**PROMPT:**
Among the entries below, copy only the span from the line containing "Assorted jelly-colored butterfly" through the line containing "Wearing a size". Do so exactly, and skip the pictures.

**GIVEN INFORMATION:**
################
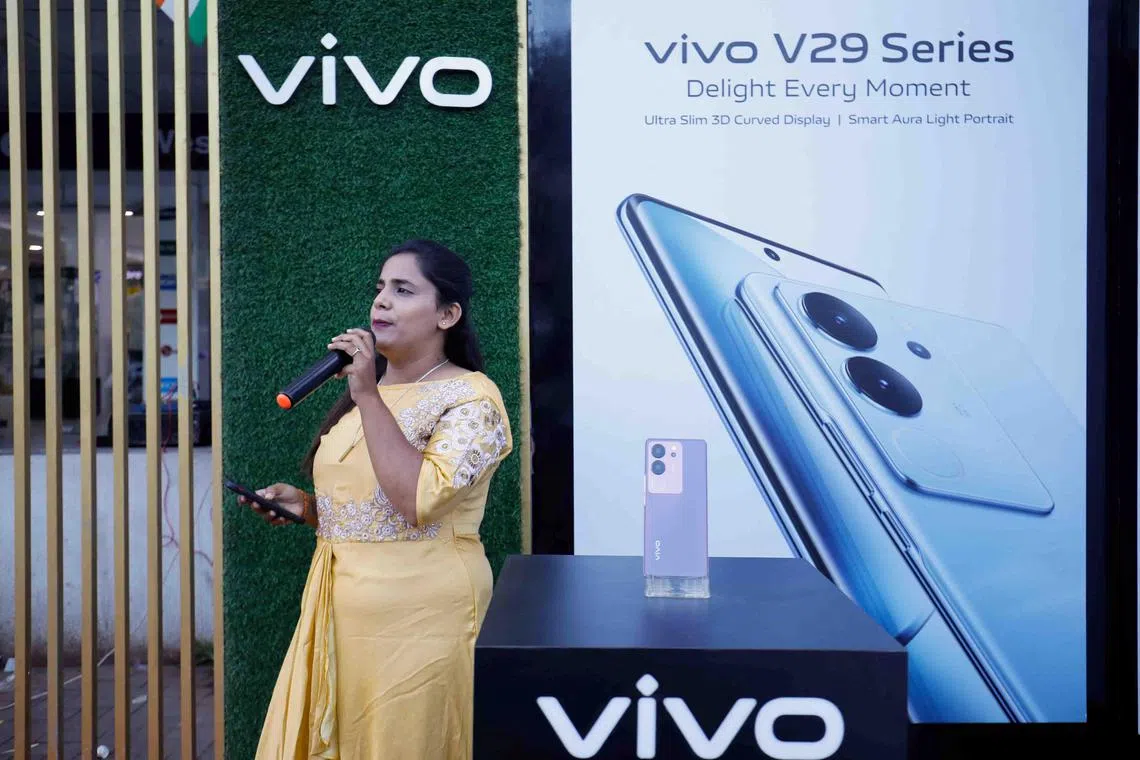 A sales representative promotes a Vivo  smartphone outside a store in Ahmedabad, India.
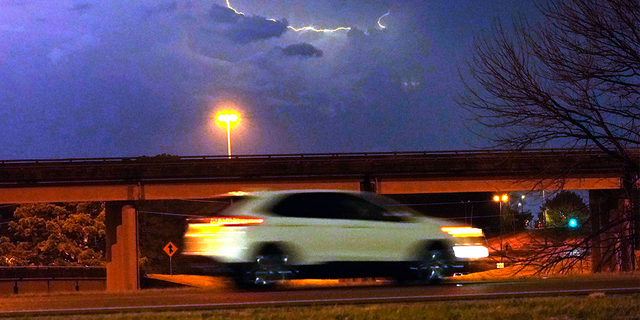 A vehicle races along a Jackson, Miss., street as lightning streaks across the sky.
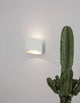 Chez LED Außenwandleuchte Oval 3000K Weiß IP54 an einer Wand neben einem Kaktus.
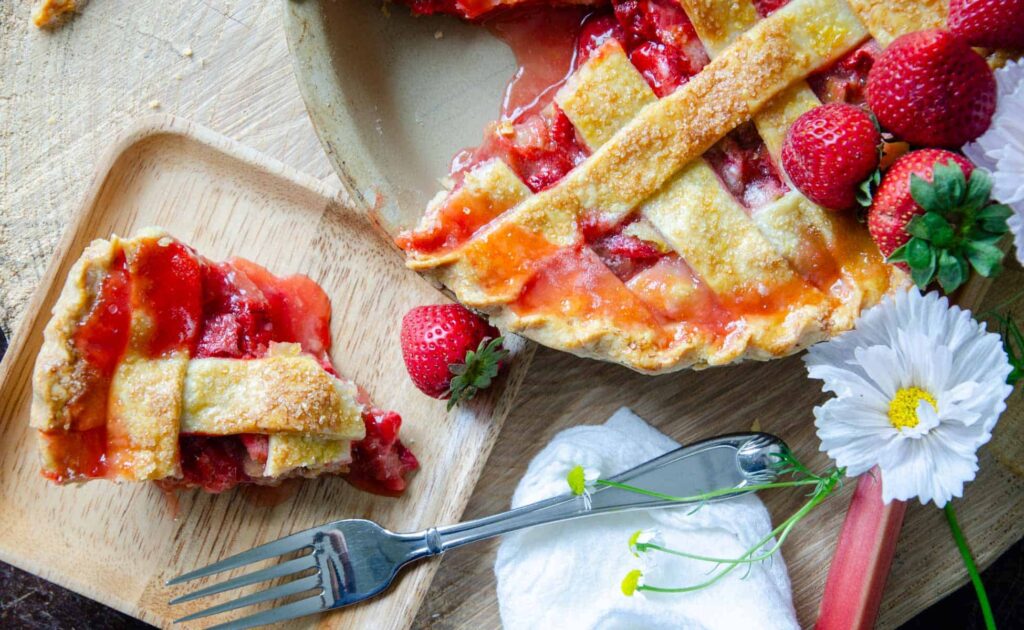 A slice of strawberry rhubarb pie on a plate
################
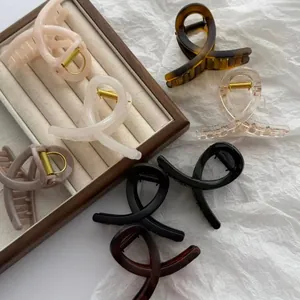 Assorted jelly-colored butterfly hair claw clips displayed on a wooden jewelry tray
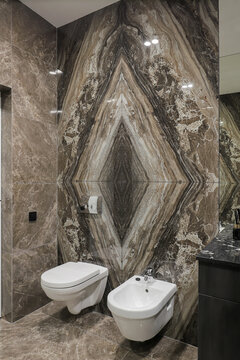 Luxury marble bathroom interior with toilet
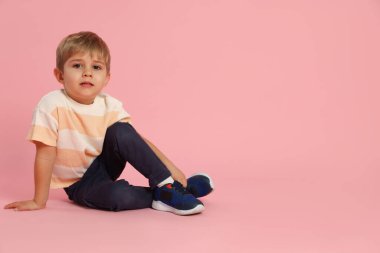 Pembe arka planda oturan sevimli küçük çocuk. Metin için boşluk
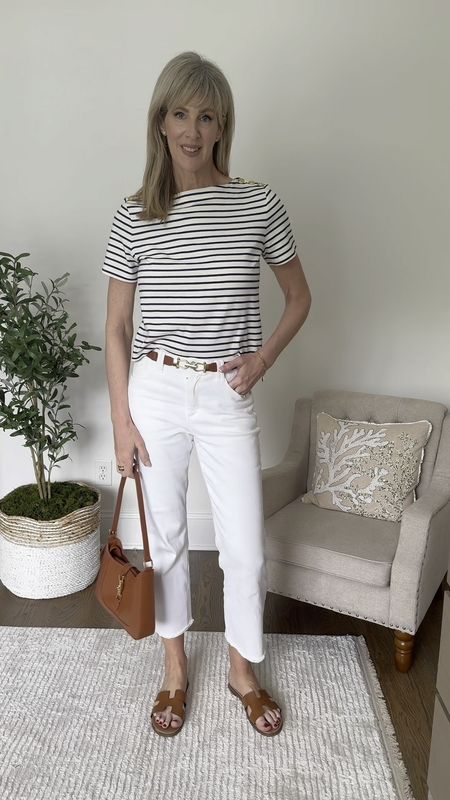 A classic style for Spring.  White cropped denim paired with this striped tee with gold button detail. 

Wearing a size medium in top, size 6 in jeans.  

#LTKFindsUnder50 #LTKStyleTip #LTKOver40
################
**REPLY TO THE TASK:**
 Assorted jelly-colored butterfly hair claw clips displayed on a wooden jewelry tray
 Luxury marble bathroom interior with toilet
 Pembe arka planda oturan sevimli küçük çocuk. Metin için boşluk
 A classic style for Spring.  White cropped denim paired with this striped tee with gold button detail. 

Wearing a size medium in top, size 6 in jeans.  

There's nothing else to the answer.